### [Exercise brief]
Your task is to return the span of lines beginning at the one with "512Hz Sewer CCTV" and ending at the last line of the data, exactly as it stands.

- - -

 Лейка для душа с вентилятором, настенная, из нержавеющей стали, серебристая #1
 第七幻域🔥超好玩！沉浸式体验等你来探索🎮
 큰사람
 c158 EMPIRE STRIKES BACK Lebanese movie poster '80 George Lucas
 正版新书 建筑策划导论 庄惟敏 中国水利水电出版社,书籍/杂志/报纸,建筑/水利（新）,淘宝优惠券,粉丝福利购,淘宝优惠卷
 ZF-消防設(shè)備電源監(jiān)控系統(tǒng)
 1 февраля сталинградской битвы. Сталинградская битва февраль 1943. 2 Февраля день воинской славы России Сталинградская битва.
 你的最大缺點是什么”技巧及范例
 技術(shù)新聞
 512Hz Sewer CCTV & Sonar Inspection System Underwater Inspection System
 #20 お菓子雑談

- - -

### [Expected output]
 512Hz Sewer CCTV & Sonar Inspection System Underwater Inspection System
 #20 お菓子雑談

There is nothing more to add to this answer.